Copy, word for word, the lines below from the one containing "Office Star Ave" up to and including the one containing "Bengal Cat's 4th Birthday Celebration Ideas", with pictures left out.

» Task inputs
-*-
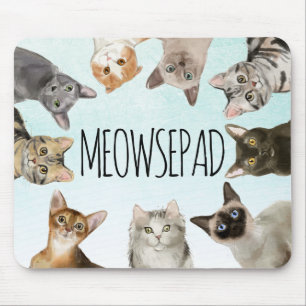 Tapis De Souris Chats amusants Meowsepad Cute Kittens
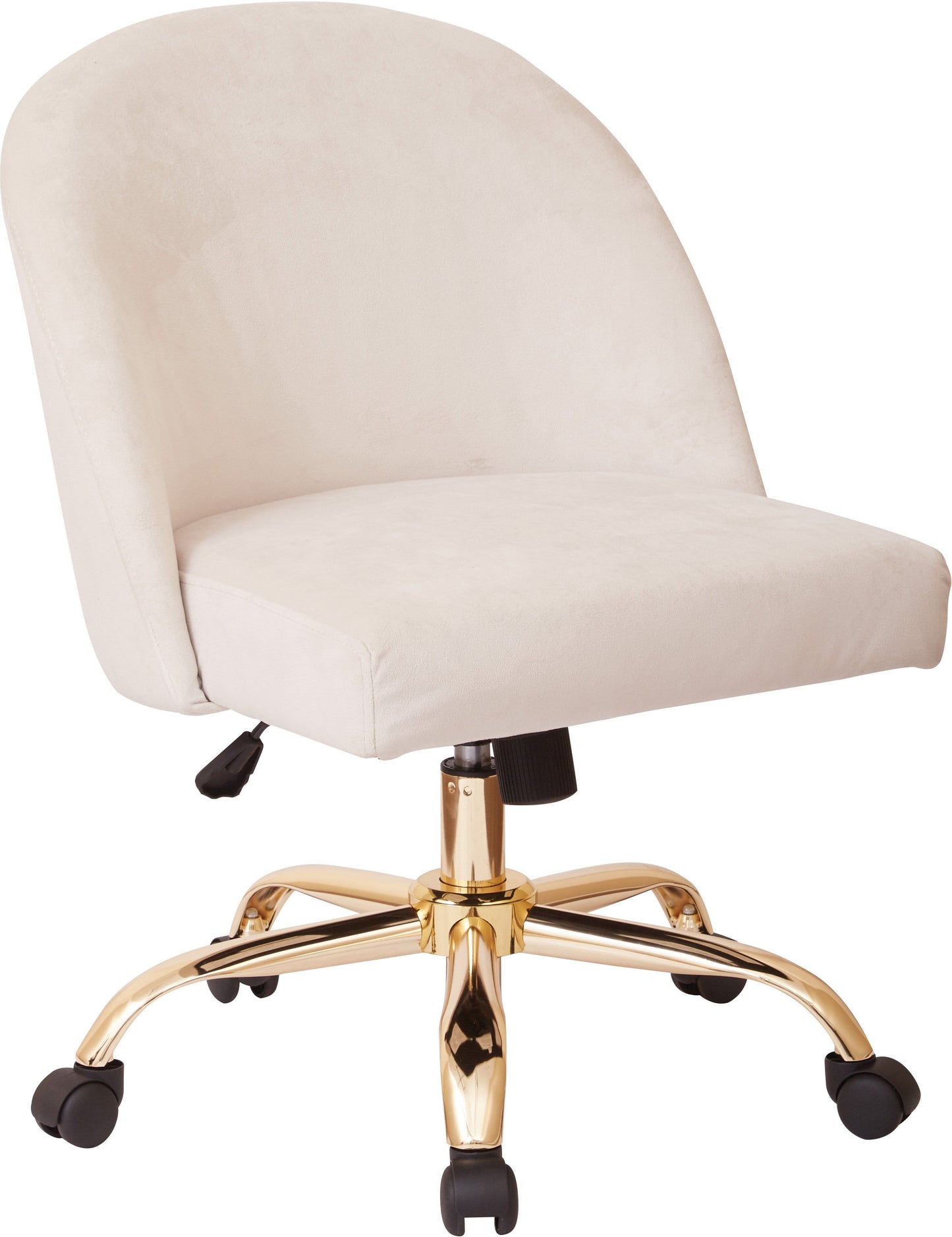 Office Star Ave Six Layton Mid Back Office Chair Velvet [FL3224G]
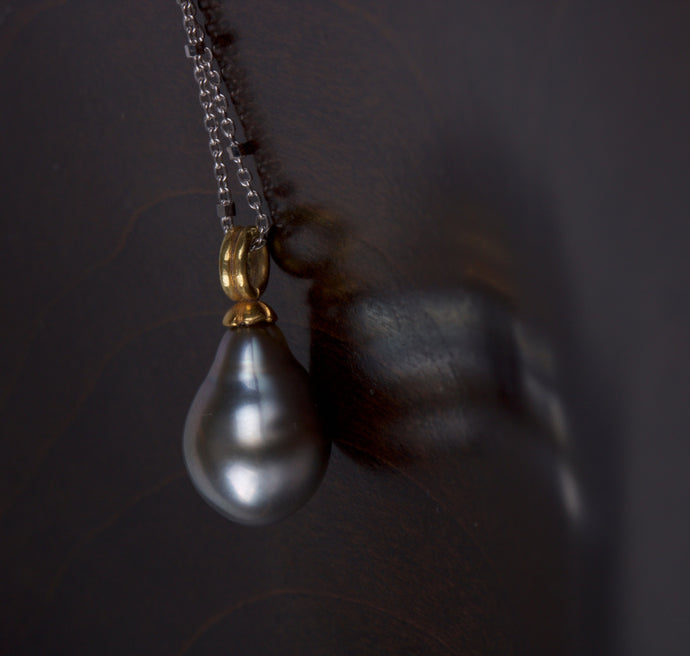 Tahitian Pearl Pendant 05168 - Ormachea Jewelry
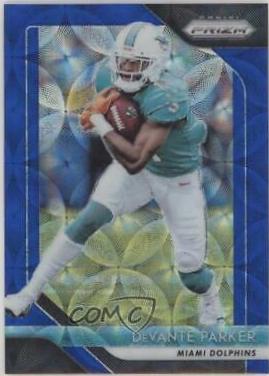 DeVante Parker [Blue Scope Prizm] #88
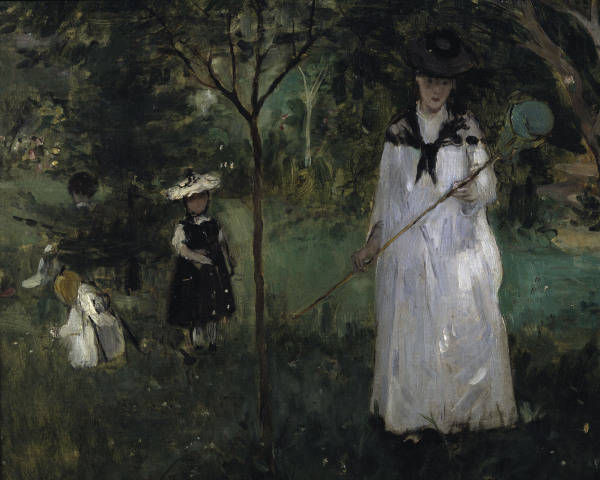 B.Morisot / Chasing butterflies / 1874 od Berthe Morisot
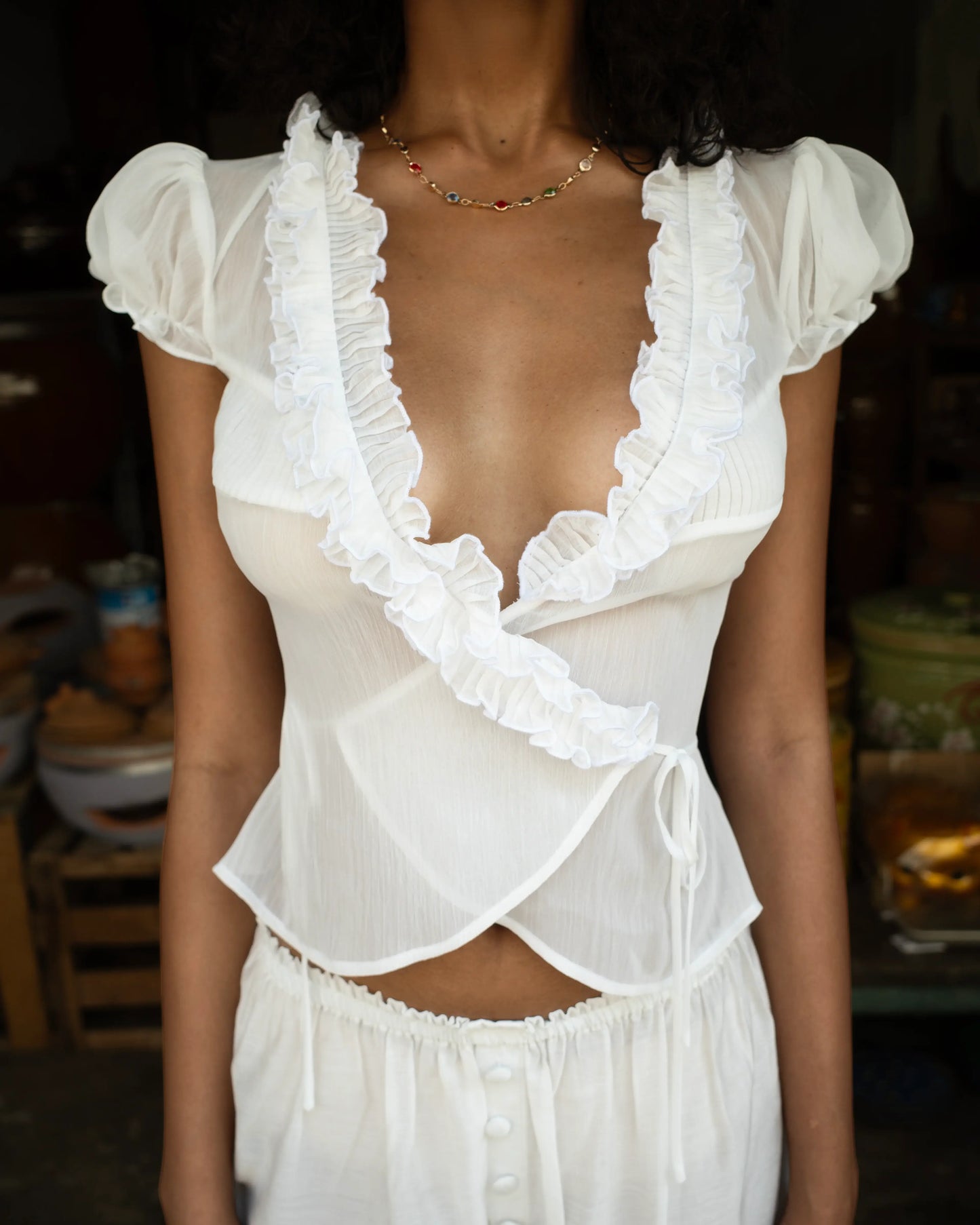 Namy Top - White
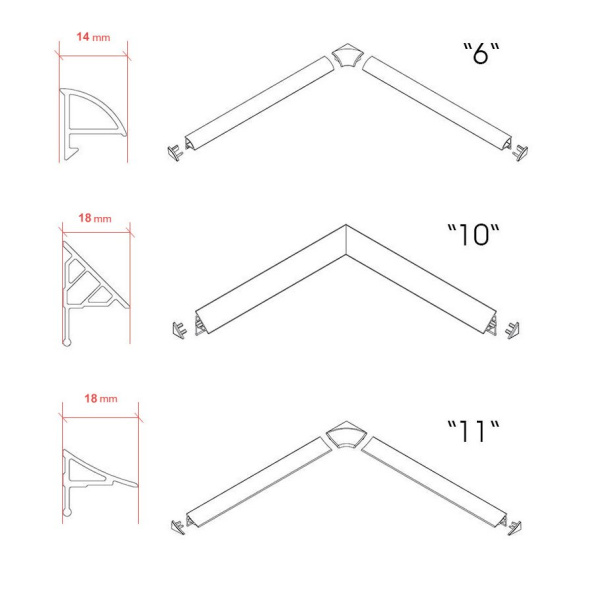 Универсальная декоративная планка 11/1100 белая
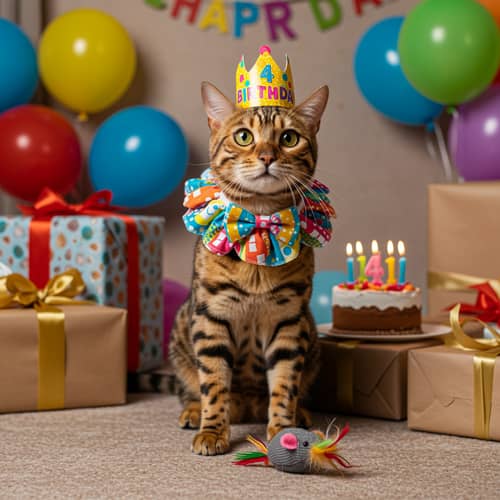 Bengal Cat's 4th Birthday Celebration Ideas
-*-
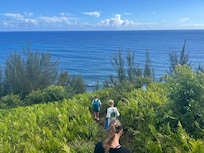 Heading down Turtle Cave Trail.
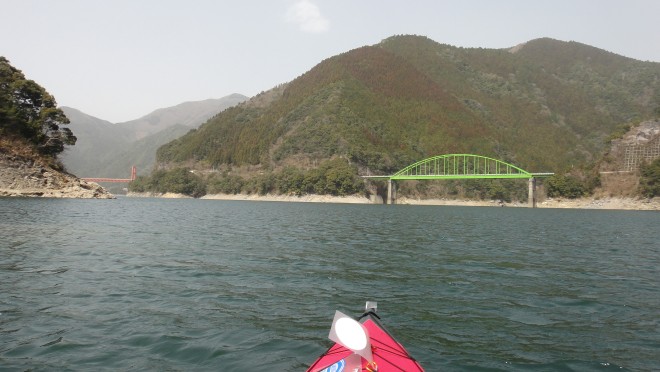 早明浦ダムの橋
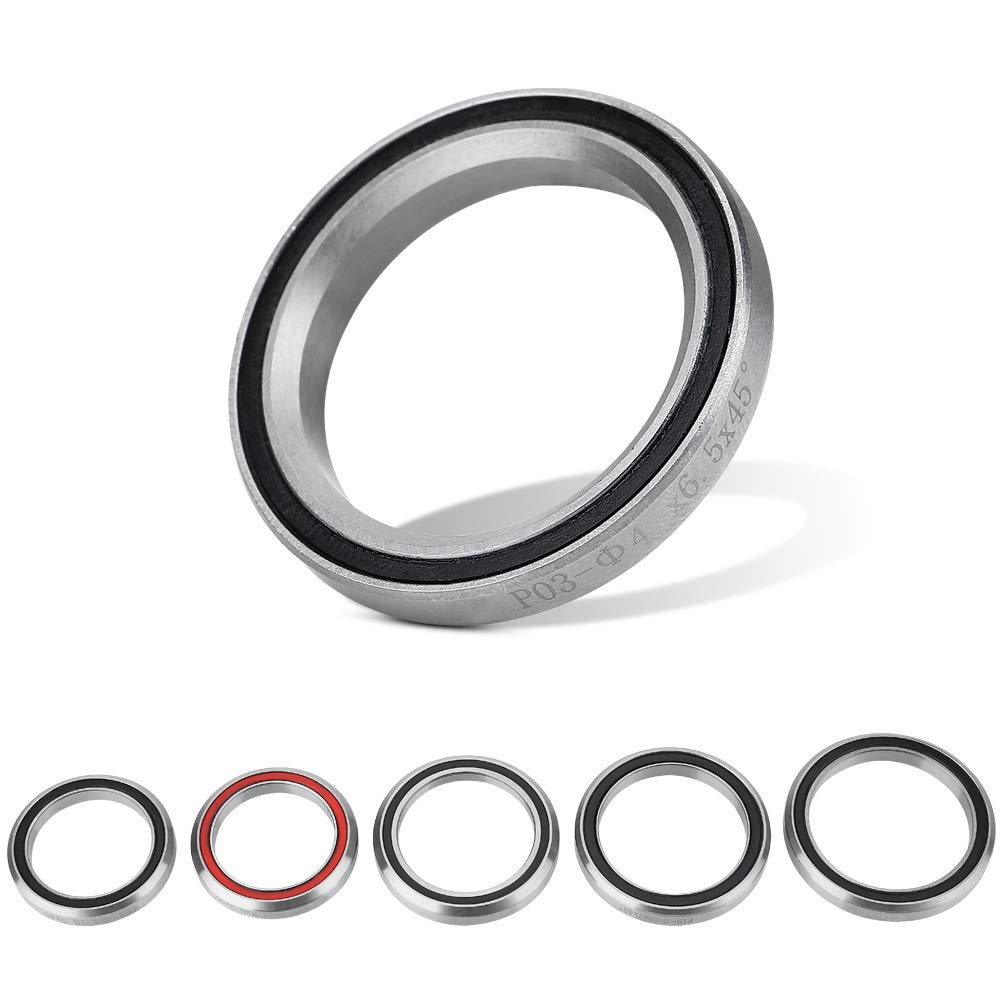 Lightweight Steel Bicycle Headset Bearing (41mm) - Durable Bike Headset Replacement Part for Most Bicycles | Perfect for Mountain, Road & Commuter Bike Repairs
-*-
» Worked solution
 Office Star Ave Six Layton Mid Back Office Chair Velvet [FL3224G]
 Tahitian Pearl Pendant 05168 - Ormachea Jewelry
 DeVante Parker [Blue Scope Prizm] #88
 B.Morisot / Chasing butterflies / 1874 od Berthe Morisot
 Namy Top - White
 Универсальная декоративная планка 11/1100 белая
 Bengal Cat's 4th Birthday Celebration Ideas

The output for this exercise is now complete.